Exercise goal:
Where the records below reach the line containing "Tenue de fête (inde) - photo numéro 2", start transcribing, and end with the line containing "Johnstown House |", exactly and with nothing else added.

Excerpted data:
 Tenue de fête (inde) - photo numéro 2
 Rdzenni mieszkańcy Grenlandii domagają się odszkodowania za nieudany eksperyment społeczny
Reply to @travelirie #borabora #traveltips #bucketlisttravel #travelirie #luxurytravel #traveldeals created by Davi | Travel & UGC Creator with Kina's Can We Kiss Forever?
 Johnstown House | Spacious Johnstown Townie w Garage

---

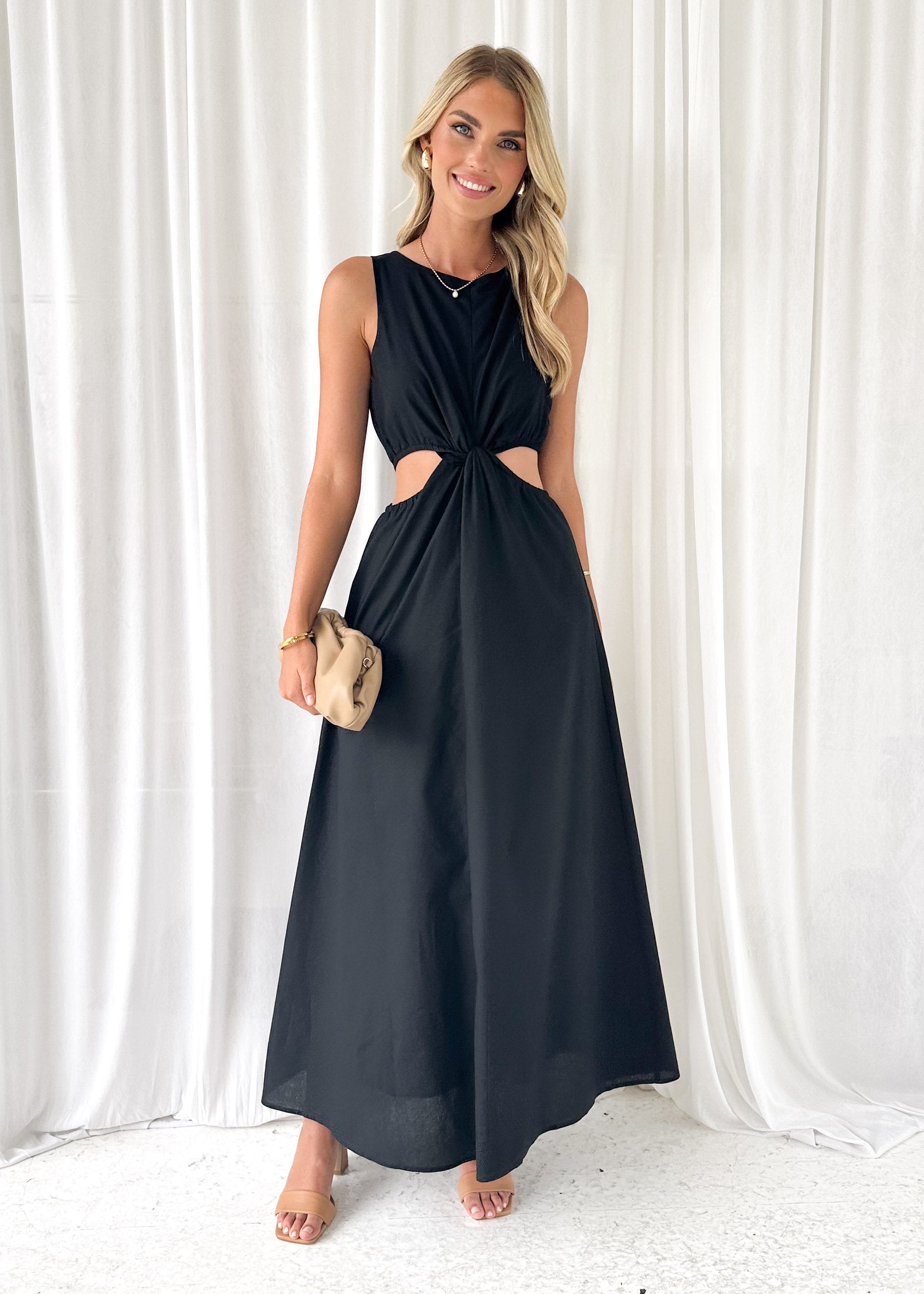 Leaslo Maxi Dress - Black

Result:
 Tenue de fête (inde) - photo numéro 2
 Rdzenni mieszkańcy Grenlandii domagają się odszkodowania za nieudany eksperyment społeczny
Reply to @travelirie #borabora #traveltips #bucketlisttravel #travelirie #luxurytravel #traveldeals created by Davi | Travel & UGC Creator with Kina's Can We Kiss Forever?
 Johnstown House | Spacious Johnstown Townie w Garage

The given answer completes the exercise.